Please repeat, exactly as written, the line containing "Used 2024 Toyota" and every line after it through the end of the records below, leaving out any pictures.

* **Materials provided**
++++++++

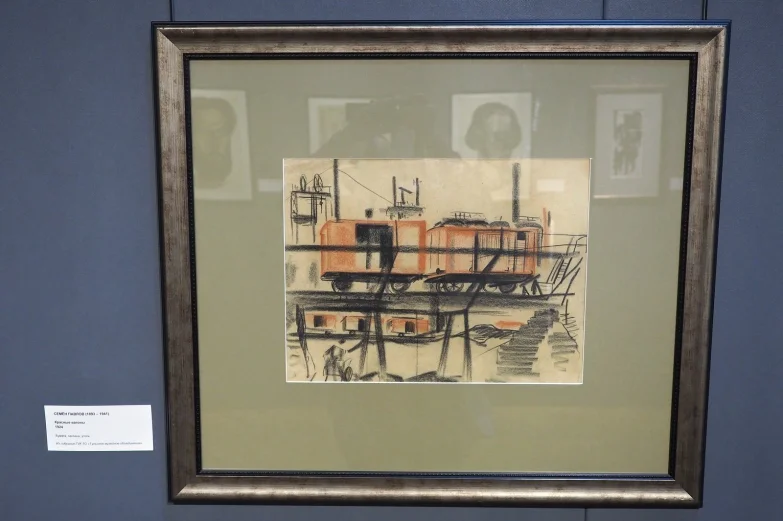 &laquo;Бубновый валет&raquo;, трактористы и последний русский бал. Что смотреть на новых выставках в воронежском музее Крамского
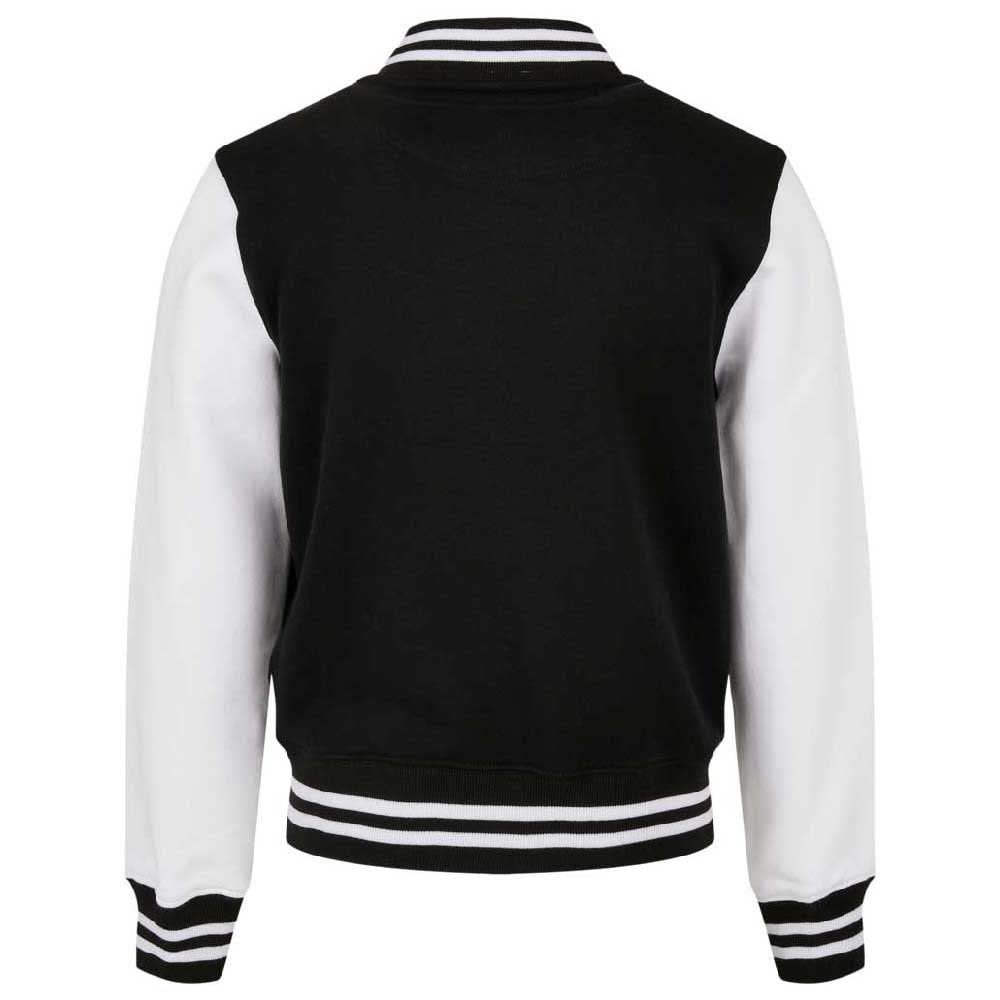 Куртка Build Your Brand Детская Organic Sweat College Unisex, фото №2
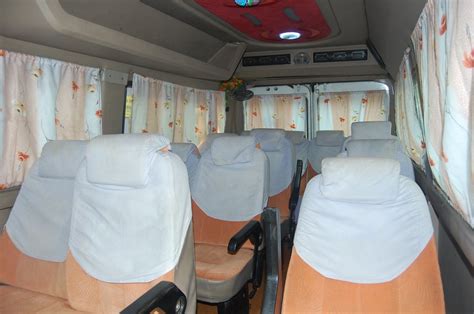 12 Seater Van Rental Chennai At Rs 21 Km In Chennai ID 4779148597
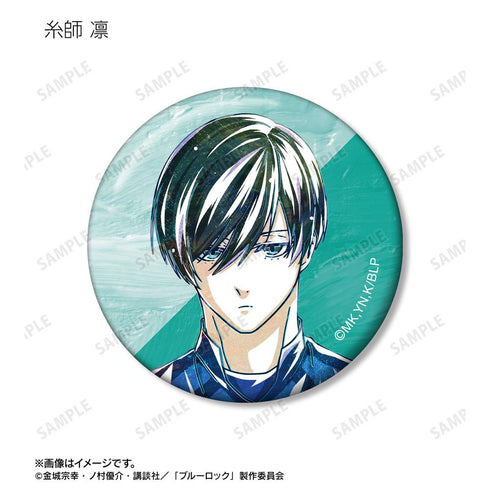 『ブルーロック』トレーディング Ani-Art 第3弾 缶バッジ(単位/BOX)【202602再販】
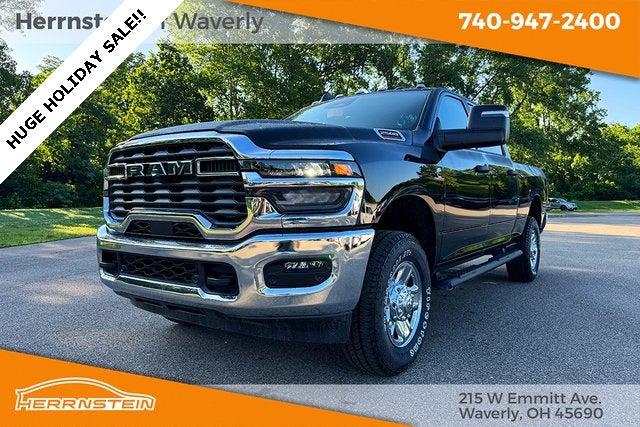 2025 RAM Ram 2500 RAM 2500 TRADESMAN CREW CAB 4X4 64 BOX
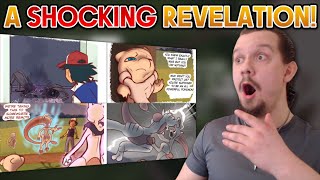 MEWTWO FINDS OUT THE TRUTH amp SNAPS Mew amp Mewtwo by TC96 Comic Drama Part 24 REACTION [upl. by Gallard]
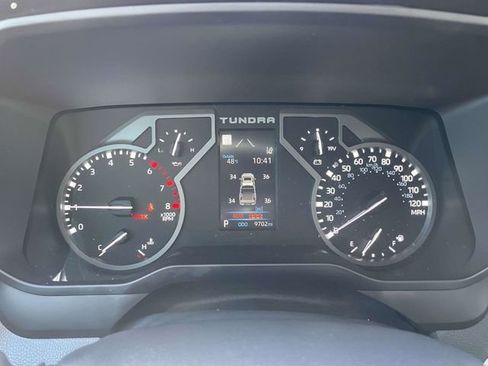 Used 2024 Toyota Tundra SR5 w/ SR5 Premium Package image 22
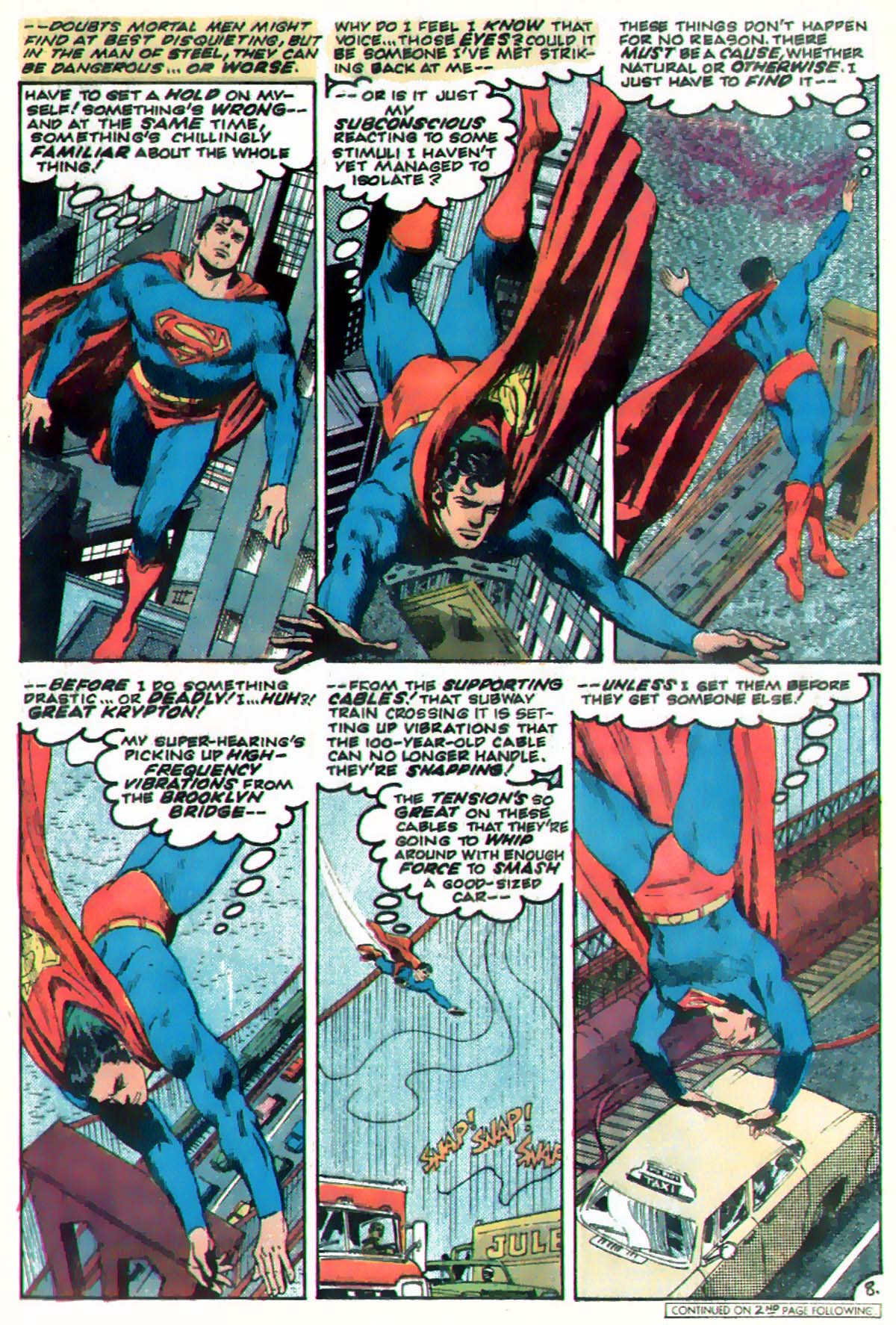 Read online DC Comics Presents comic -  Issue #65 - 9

++++++++

* **Response**
 Used 2024 Toyota Tundra SR5 w/ SR5 Premium Package image 22
 Read online DC Comics Presents comic -  Issue #65 - 9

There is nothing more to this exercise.